Using information from the Consumer Financial Protection Bureau, CBO estimates that enacting the bill would increase direct spending by $2 million for the agency to issue rules to implement the bill over the 2020-2021 period. Issuing rules would require the services of five full-time employees at an annual cost of $200,000 each.
H.R. 3618 contains private-sector mandates as defined in the Unfunded Mandates Reform Act (UMRA). CBO estimates that the cost of those mandates would exceed UMRA’s private-sector threshold ($164 million in 2019, adjusted annually for inflation).
Using industry data, CBO estimates that CRAs would provide free credit scores to about 20 million consumers each year. The costs would vary depending on prices negotiated between the CRA and the entities that provide credit scores. Using an estimated negotiated cost per score of $9 (the median in the range of likely cost), CBO estimates that CRAs would spend roughly $185 million annually to comply with the mandate.
On the basis of industry information, CBO estimates that CRAs also would spend about $50 million annually to comply with the following requirements:
Disclose at least four key factors that positively affect a consumer’s credit score or educational credit score (credit score statements already list key factors that negatively affect scores—also required by the bill);
Maintain scores in a consumer’s file for at least two years; and
Establish and maintain a portal for consumers’ online or phone access to scores.
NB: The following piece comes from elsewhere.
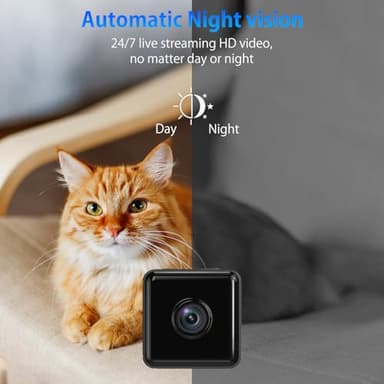 enttgo Hidden Camera Spy Camera, 1080P HD WiFi Camera - Mini Nanny Cam with Night Vision & Motion Detection - Indoor/Outdoor Wireless Security Camera for Home, Car, Baby & Pet Monitoring - Image 6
CRAs could not refer to an educational credit score as a credit score in any application, solicitation, marketing, or informational material. That prohibition would impose minimal costs on CRAs, CBO estimates.
Finally, H.R. 3618 would require private education, motor vehicle, and residential mortgage lenders to give consumers a copy of any credit report or score used in underwriting a loan. Because lenders already possess that information, their cost to comply with the mandate would be small.
The bill contains no intergovernmental mandates as defined in UMRA.